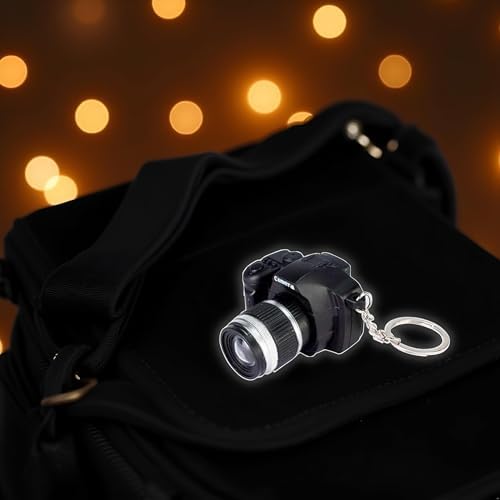 Black Camera LED Keychain with Sound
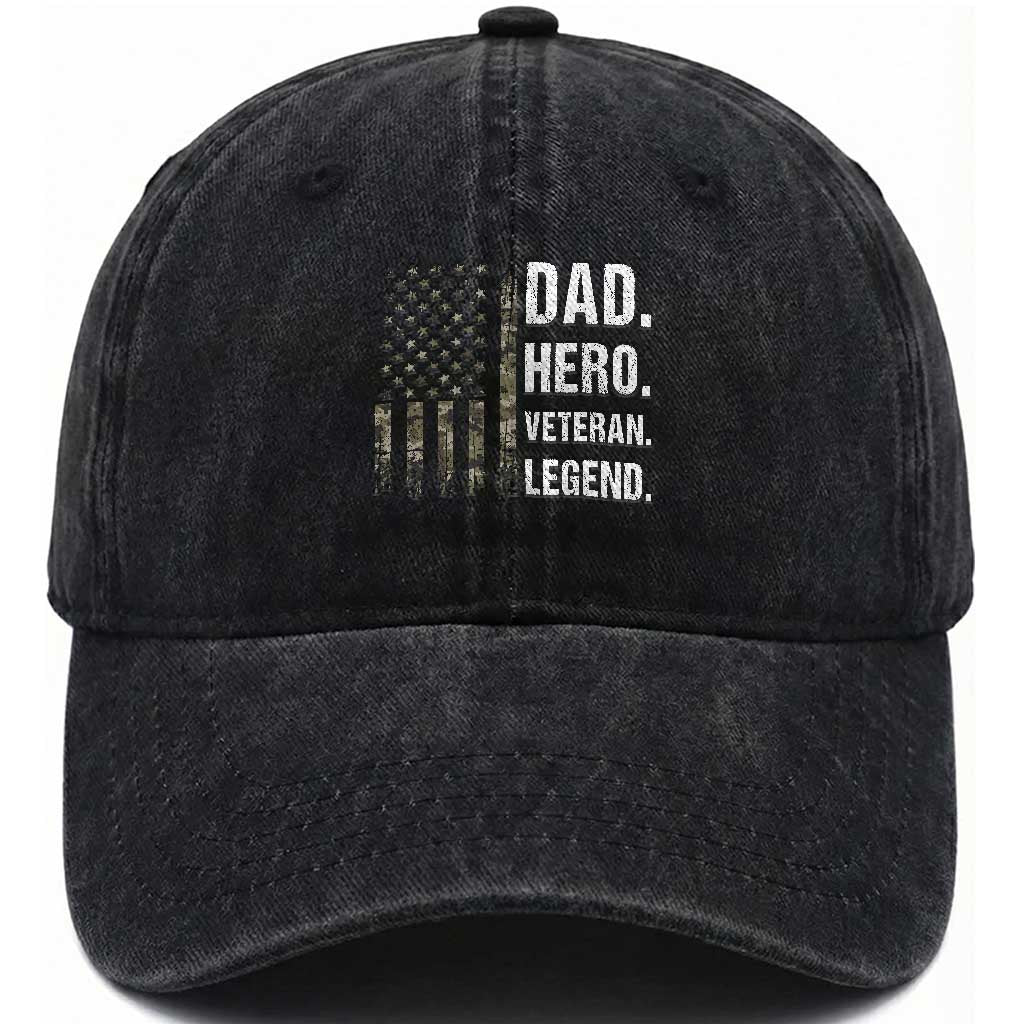 Dad Hero Veteran Legend Camouflage Father's Day Washed Cotton Baseball Cap
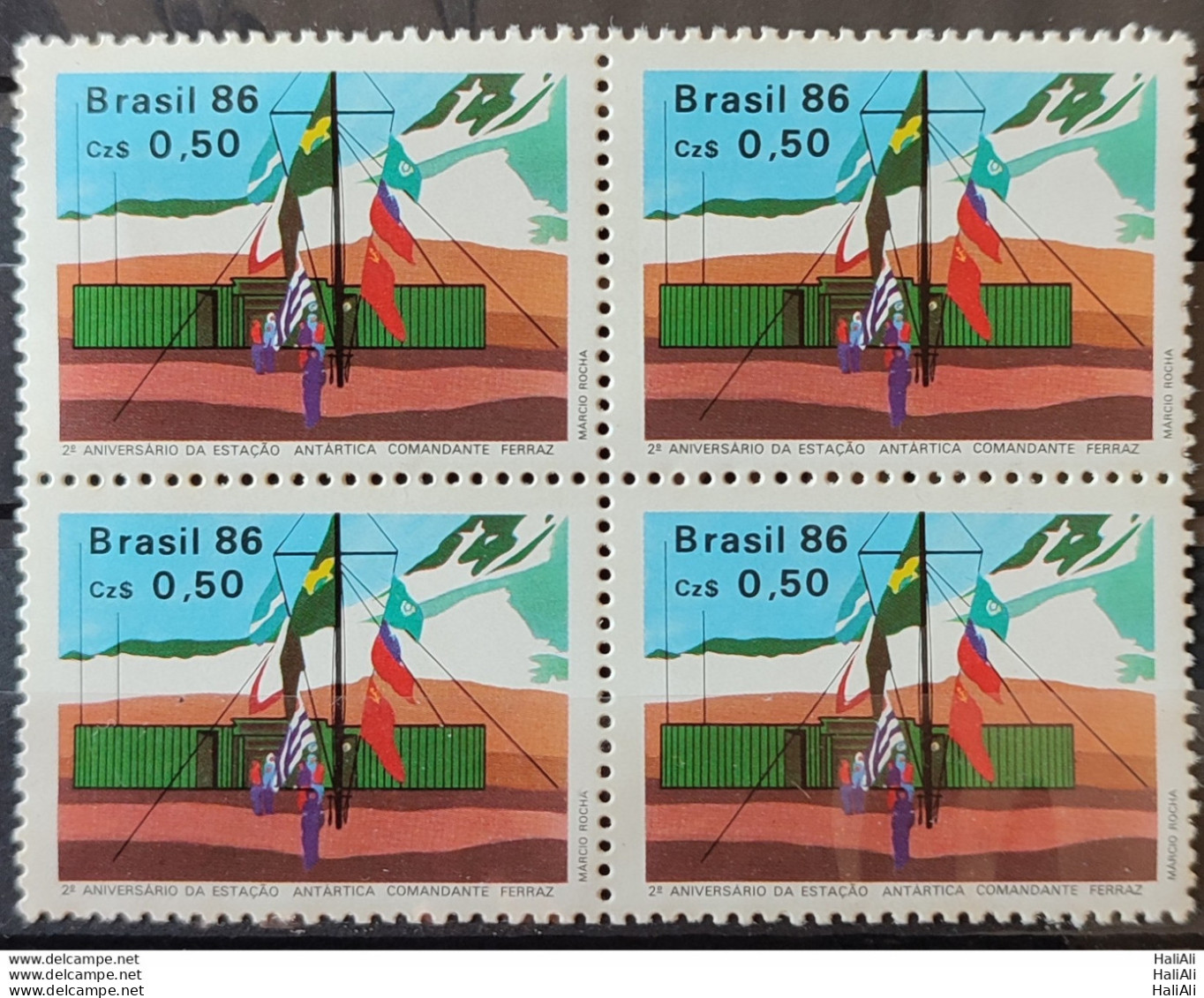 C 1508 Brazil Stamp Antarctic Station Commander Ferraz Flag 1986 Block Of 4 2 - Neufs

> _What is required_
The aim is an exact repeat of the entire listing, stripped of pictures.

> _Answer to this exercise_
 Black Camera LED Keychain with Sound
 Dad Hero Veteran Legend Camouflage Father's Day Washed Cotton Baseball Cap
 C 1508 Brazil Stamp Antarctic Station Commander Ferraz Flag 1986 Block Of 4 2 - Neufs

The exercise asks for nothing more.